Usio also said it has now delivered positive adjusted EBITDA for three consecutive years, and its guidance contemplates positive adjusted EBITDA again in fiscal 2026. Hoch said the company expects 10% to 12% revenue growth in 2026.

On the cadence of growth, management indicated some large programs are expected to come online later in the year. In response to questions about previously disclosed large Card Issuing projects, executives said the largest is a state school voucher program scheduled to start in the third quarter and expected to impact both prepaid card revenue and ACH revenue. Management also said a major bank project is expected to go live in the third quarter, and that another partnership involving Consumer Choice for refunds to individuals was discussed but not detailed. Management acknowledged that these items could make growth more back-end weighted in 2026, though it also said there should be growth in the first quarter.

Executives declined to quantify how much of the 2026 guidance is already “booked,” citing variability in implementation timing, but said there are “tons of deals” in implementation and that the company has enough deals to meet its numbers, subject to when customers go live.

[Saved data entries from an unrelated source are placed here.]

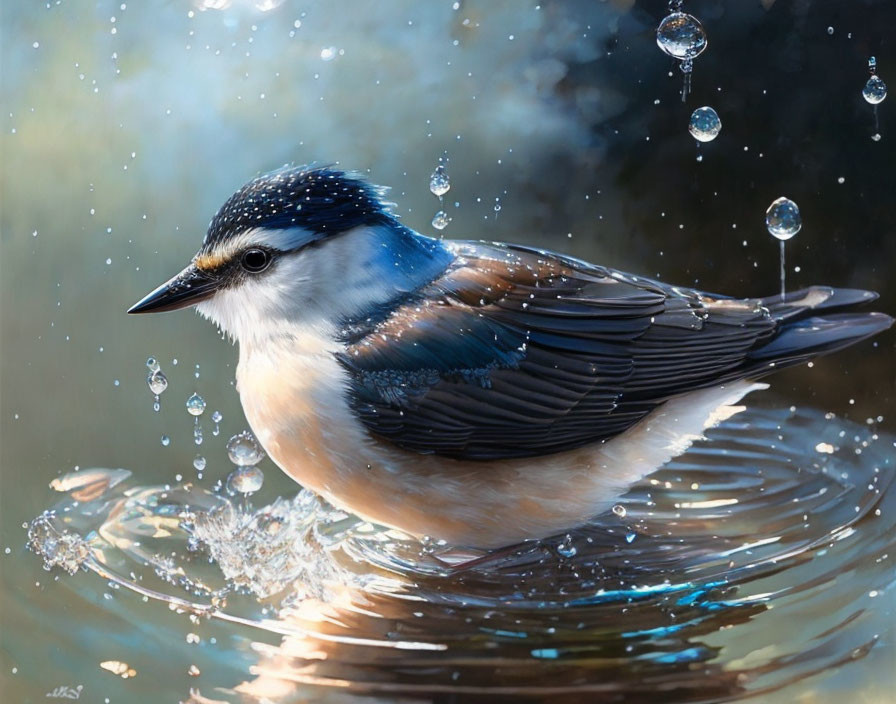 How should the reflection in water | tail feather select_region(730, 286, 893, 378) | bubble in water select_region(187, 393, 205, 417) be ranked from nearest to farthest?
the reflection in water, tail feather select_region(730, 286, 893, 378), bubble in water select_region(187, 393, 205, 417)

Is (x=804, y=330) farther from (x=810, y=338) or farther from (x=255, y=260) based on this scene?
(x=255, y=260)

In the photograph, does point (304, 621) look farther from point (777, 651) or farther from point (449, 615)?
point (777, 651)

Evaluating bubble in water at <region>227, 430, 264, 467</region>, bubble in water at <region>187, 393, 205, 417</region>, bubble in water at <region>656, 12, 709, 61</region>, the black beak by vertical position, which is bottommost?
bubble in water at <region>227, 430, 264, 467</region> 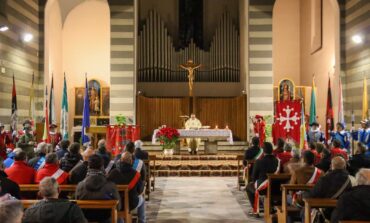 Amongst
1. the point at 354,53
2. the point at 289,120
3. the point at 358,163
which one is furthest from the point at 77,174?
the point at 354,53

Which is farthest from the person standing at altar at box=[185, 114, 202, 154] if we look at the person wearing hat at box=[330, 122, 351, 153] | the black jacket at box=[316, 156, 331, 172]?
the black jacket at box=[316, 156, 331, 172]

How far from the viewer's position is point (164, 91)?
2211cm

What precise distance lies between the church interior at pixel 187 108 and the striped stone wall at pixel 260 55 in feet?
0.12

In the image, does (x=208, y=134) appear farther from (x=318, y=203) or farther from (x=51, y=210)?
(x=51, y=210)

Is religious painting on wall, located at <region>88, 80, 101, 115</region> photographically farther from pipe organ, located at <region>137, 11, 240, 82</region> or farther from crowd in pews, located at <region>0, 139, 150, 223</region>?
crowd in pews, located at <region>0, 139, 150, 223</region>

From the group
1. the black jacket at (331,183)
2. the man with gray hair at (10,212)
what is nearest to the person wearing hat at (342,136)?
the black jacket at (331,183)

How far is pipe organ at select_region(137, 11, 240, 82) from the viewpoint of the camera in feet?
71.5

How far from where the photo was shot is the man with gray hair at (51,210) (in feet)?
14.4

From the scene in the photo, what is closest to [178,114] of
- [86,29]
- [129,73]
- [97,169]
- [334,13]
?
[129,73]

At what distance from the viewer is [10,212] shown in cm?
319

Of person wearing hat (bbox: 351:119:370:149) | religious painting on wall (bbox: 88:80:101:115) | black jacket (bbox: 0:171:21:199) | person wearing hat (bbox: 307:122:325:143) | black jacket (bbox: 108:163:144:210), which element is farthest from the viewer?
religious painting on wall (bbox: 88:80:101:115)

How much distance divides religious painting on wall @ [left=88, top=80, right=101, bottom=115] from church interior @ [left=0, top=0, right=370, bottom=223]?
0.04 metres

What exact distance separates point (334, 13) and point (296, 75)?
512 cm

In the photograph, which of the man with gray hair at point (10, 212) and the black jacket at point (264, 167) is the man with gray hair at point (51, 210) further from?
the black jacket at point (264, 167) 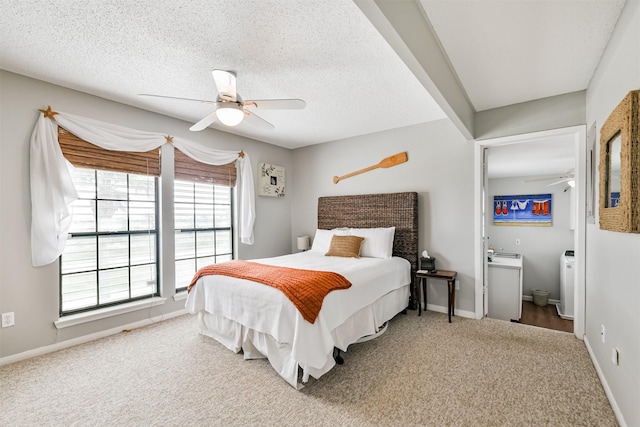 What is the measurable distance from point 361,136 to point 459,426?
363 centimetres

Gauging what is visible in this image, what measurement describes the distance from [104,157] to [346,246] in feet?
9.42

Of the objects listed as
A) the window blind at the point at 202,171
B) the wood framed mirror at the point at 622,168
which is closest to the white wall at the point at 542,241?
the wood framed mirror at the point at 622,168

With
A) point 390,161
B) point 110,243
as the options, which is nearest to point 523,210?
point 390,161

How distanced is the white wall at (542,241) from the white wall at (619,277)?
390cm

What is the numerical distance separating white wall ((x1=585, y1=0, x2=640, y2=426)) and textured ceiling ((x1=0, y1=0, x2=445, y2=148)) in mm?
1323

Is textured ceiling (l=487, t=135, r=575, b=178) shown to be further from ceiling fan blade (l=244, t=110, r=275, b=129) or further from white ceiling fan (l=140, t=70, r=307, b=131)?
ceiling fan blade (l=244, t=110, r=275, b=129)

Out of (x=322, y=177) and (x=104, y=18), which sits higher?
(x=104, y=18)

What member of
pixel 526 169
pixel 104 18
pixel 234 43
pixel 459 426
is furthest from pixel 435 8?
pixel 526 169

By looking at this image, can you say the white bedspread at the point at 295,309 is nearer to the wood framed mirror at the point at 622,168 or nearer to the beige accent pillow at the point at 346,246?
the beige accent pillow at the point at 346,246

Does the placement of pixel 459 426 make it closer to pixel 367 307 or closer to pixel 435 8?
pixel 367 307

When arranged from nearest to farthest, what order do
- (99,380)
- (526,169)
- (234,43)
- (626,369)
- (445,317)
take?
(626,369)
(234,43)
(99,380)
(445,317)
(526,169)

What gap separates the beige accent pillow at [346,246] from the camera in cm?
355

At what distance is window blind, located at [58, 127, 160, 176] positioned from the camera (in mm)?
2732

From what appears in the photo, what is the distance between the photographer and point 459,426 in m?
1.67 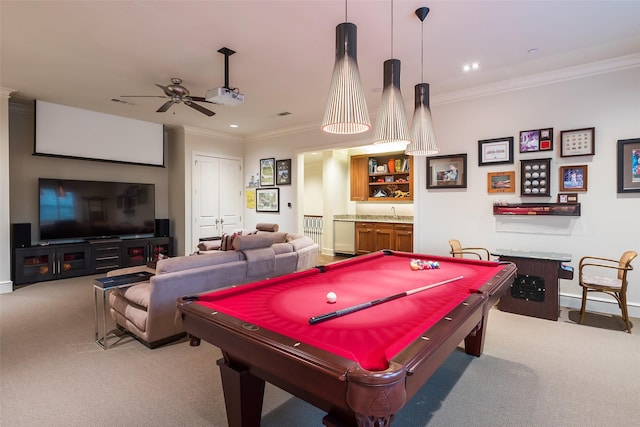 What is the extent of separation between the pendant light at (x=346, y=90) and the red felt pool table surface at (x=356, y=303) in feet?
3.26

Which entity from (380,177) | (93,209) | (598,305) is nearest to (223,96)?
(93,209)

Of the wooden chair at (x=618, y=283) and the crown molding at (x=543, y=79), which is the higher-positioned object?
the crown molding at (x=543, y=79)

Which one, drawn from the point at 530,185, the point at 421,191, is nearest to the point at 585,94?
the point at 530,185

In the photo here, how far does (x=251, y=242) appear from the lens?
3463 millimetres

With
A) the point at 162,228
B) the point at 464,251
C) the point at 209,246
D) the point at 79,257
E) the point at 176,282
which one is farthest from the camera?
the point at 162,228

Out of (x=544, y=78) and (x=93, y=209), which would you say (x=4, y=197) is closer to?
(x=93, y=209)

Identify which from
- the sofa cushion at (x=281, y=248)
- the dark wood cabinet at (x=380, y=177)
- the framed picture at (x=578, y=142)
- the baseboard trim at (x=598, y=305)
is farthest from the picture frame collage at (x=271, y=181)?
the baseboard trim at (x=598, y=305)

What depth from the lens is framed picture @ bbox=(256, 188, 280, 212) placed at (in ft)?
23.2

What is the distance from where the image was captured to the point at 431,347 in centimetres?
120

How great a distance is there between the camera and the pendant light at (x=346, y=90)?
1.78m

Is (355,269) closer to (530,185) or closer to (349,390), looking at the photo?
(349,390)

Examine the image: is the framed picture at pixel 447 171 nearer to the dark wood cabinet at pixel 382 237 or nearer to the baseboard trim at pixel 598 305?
the baseboard trim at pixel 598 305

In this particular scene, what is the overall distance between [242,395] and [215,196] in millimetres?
6004

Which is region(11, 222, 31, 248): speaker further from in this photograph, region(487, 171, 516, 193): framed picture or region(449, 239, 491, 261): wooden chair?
region(487, 171, 516, 193): framed picture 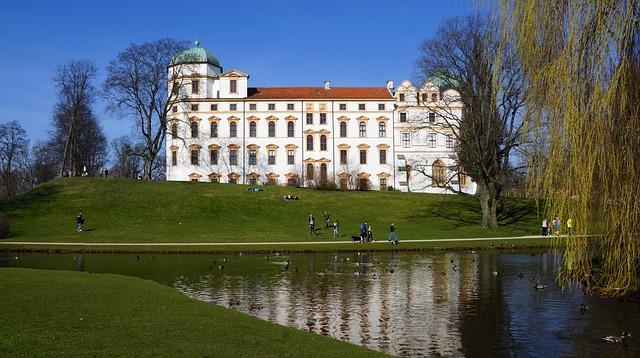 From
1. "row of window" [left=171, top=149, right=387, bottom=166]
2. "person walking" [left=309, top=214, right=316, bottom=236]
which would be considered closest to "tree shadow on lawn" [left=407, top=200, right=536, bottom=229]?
"person walking" [left=309, top=214, right=316, bottom=236]

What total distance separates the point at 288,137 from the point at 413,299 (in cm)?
7720

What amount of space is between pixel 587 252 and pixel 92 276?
1631 cm

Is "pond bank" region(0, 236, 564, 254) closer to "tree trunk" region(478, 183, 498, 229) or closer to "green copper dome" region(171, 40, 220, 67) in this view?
"tree trunk" region(478, 183, 498, 229)

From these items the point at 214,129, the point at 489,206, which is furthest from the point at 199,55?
the point at 489,206

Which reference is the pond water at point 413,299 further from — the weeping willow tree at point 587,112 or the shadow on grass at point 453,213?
the shadow on grass at point 453,213

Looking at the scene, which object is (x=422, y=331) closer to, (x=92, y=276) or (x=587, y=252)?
(x=587, y=252)

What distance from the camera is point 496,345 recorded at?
542 inches

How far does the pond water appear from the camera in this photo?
1416cm

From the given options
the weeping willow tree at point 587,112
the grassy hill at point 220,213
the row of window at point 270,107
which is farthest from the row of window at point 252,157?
the weeping willow tree at point 587,112

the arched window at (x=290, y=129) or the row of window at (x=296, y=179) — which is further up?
the arched window at (x=290, y=129)

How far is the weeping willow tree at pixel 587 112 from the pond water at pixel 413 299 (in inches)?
90.2

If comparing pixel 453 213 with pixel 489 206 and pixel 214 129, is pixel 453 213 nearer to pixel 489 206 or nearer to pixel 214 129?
pixel 489 206

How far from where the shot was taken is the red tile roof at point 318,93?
9644 centimetres

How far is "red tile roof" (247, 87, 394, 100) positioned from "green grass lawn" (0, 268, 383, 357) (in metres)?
79.8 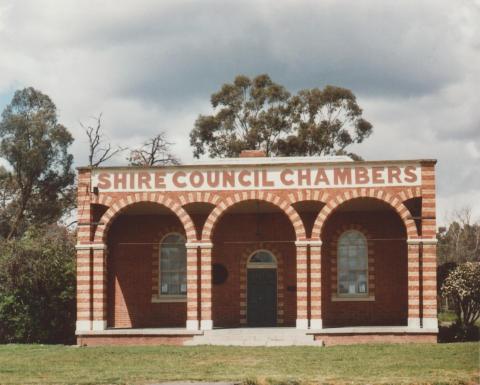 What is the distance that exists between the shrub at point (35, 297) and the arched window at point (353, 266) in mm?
9740

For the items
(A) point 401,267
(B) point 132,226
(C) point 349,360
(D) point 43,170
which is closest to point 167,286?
(B) point 132,226

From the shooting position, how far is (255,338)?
24.7 metres

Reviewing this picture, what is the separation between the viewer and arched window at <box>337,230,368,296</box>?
28.9 metres

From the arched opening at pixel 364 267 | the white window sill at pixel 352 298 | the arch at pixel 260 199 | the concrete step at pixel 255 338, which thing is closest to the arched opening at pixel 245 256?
the arched opening at pixel 364 267

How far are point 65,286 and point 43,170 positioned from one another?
23.3 m

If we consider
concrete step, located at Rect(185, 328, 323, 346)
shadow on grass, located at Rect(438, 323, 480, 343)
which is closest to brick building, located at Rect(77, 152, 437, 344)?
concrete step, located at Rect(185, 328, 323, 346)

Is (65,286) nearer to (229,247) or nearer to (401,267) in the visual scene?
(229,247)

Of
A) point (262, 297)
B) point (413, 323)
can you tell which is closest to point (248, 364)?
point (413, 323)

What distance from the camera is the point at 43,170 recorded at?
5175cm

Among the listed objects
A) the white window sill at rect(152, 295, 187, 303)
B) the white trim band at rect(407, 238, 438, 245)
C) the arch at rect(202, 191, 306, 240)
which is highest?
the arch at rect(202, 191, 306, 240)

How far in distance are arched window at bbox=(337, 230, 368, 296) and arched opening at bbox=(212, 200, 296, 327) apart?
167 centimetres

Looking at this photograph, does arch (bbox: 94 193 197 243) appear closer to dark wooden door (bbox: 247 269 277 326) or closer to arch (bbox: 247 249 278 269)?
arch (bbox: 247 249 278 269)

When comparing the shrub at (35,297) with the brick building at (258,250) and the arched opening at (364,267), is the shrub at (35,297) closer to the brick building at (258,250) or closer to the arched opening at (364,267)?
the brick building at (258,250)

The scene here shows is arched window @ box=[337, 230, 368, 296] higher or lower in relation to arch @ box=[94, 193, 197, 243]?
lower
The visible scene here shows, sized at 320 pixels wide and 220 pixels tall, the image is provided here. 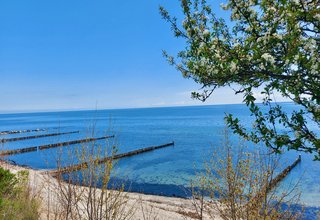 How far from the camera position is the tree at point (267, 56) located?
249cm

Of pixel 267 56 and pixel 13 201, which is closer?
pixel 267 56

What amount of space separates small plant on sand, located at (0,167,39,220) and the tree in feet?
13.5

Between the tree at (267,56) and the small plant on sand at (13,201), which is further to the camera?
the small plant on sand at (13,201)

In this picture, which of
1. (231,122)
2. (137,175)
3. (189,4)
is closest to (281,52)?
(231,122)

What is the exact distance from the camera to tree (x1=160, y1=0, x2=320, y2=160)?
8.16ft

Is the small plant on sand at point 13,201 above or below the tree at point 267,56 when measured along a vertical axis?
below

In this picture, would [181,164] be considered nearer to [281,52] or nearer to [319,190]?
[319,190]

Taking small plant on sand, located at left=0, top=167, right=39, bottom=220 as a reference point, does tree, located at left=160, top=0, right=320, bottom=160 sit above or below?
above

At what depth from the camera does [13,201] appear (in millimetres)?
5398

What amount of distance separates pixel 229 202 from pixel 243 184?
408mm

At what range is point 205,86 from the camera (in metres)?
3.58

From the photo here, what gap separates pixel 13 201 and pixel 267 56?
5679 mm

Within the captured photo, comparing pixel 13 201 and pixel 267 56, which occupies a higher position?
pixel 267 56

On expenses, management said SG&A was up 10% year over year in 2025, but noted headcount is down and suggested it is targeting relatively flat SG&A in 2026, with potentially moderate growth. In discussing quarter-to-quarter fluctuations, management said a jump between the third and fourth quarter included items such as a bad debt expense adjustment and year-end expenses. The company also said depreciation and amortization expense should be relatively flat year over year.

About Usio (NASDAQ:USIO)

Usio, Inc (NASDAQ: USIO) is a financial technology company that delivers integrated payment, transaction processing, and money services solutions. The company’s platform combines merchant acquiring, multi‐rail payment enablement and business management tools to support merchants, financial institutions and business partners in automating and securing electronic and cash‐based transactions.

Through its subsidiaries, Usio provides a broad range of products and services, including point-of-sale terminals, payment gateway services, automated teller machine (ATM) processing, bill payment, money order issuance, domestic and international money transfer and remittance solutions.